_Task to complete_
Starting at the line that contains "2j846 RETURN OF", repeat each line exactly until the records end, keeping both the first and the last.
□ □ □ □ □
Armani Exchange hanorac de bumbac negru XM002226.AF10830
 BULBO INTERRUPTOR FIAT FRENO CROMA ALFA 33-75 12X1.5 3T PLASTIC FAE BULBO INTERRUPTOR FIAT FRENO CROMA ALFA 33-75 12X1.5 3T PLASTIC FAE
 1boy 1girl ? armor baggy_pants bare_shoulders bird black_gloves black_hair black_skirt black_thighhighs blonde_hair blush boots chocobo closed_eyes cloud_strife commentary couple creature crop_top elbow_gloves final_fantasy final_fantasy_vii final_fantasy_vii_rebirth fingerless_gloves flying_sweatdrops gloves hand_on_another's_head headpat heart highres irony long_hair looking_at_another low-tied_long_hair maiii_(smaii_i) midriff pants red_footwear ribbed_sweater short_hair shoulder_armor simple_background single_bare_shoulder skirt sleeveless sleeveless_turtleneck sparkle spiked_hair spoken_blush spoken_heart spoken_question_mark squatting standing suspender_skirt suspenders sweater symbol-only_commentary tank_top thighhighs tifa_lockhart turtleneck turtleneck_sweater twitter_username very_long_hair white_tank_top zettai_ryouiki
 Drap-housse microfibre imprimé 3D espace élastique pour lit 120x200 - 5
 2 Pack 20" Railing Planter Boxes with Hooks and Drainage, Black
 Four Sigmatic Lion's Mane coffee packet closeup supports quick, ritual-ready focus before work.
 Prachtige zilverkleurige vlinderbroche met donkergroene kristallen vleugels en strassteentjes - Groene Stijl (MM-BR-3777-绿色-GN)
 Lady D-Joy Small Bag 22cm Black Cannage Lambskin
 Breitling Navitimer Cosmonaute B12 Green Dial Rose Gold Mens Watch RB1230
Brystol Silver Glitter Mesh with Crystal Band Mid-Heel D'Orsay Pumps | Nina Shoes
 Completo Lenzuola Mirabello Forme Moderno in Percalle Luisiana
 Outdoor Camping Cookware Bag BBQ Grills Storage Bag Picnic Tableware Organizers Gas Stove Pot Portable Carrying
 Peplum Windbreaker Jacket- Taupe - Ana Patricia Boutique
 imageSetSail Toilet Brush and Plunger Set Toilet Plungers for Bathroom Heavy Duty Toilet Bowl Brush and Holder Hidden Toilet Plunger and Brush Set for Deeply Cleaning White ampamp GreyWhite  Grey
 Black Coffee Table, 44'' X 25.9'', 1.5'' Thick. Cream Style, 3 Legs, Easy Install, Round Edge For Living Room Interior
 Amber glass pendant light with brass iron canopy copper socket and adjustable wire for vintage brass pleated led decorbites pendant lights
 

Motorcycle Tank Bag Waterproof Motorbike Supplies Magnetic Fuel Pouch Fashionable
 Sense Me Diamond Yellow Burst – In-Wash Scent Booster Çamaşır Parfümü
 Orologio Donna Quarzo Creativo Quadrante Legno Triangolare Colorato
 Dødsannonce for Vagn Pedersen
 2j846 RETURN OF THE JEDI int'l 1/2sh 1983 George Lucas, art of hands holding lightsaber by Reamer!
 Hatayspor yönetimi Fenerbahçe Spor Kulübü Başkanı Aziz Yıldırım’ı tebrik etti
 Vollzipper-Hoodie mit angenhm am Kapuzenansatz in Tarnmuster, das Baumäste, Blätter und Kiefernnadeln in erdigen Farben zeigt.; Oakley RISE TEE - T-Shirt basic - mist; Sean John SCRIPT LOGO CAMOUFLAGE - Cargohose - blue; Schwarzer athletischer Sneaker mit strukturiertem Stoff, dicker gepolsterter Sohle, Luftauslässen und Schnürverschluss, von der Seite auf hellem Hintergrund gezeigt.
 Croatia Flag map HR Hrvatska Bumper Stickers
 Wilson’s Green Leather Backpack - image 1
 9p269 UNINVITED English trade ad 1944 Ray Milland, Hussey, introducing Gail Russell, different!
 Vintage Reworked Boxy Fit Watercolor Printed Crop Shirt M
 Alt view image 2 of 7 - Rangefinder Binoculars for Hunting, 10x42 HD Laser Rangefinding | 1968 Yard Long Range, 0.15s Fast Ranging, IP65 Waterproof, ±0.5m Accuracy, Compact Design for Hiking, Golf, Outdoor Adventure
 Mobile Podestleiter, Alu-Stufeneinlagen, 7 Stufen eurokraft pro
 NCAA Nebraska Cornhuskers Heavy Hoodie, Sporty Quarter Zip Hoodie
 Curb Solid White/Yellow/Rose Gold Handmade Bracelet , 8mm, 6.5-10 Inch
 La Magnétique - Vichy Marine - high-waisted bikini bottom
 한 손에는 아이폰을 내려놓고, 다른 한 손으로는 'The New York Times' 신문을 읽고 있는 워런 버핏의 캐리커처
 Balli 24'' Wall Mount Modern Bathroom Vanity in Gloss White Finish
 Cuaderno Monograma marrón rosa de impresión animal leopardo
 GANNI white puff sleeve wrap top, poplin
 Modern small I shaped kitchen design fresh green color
□ □ □ □ □
_Expected output_
 2j846 RETURN OF THE JEDI int'l 1/2sh 1983 George Lucas, art of hands holding lightsaber by Reamer!
 Hatayspor yönetimi Fenerbahçe Spor Kulübü Başkanı Aziz Yıldırım’ı tebrik etti
 Vollzipper-Hoodie mit angenhm am Kapuzenansatz in Tarnmuster, das Baumäste, Blätter und Kiefernnadeln in erdigen Farben zeigt.; Oakley RISE TEE - T-Shirt basic - mist; Sean John SCRIPT LOGO CAMOUFLAGE - Cargohose - blue; Schwarzer athletischer Sneaker mit strukturiertem Stoff, dicker gepolsterter Sohle, Luftauslässen und Schnürverschluss, von der Seite auf hellem Hintergrund gezeigt.
 Croatia Flag map HR Hrvatska Bumper Stickers
 Wilson’s Green Leather Backpack - image 1
 9p269 UNINVITED English trade ad 1944 Ray Milland, Hussey, introducing Gail Russell, different!
 Vintage Reworked Boxy Fit Watercolor Printed Crop Shirt M
 Alt view image 2 of 7 - Rangefinder Binoculars for Hunting, 10x42 HD Laser Rangefinding | 1968 Yard Long Range, 0.15s Fast Ranging, IP65 Waterproof, ±0.5m Accuracy, Compact Design for Hiking, Golf, Outdoor Adventure
 Mobile Podestleiter, Alu-Stufeneinlagen, 7 Stufen eurokraft pro
 NCAA Nebraska Cornhuskers Heavy Hoodie, Sporty Quarter Zip Hoodie
 Curb Solid White/Yellow/Rose Gold Handmade Bracelet , 8mm, 6.5-10 Inch
 La Magnétique - Vichy Marine - high-waisted bikini bottom
 한 손에는 아이폰을 내려놓고, 다른 한 손으로는 'The New York Times' 신문을 읽고 있는 워런 버핏의 캐리커처
 Balli 24'' Wall Mount Modern Bathroom Vanity in Gloss White Finish
 Cuaderno Monograma marrón rosa de impresión animal leopardo
 GANNI white puff sleeve wrap top, poplin
 Modern small I shaped kitchen design fresh green color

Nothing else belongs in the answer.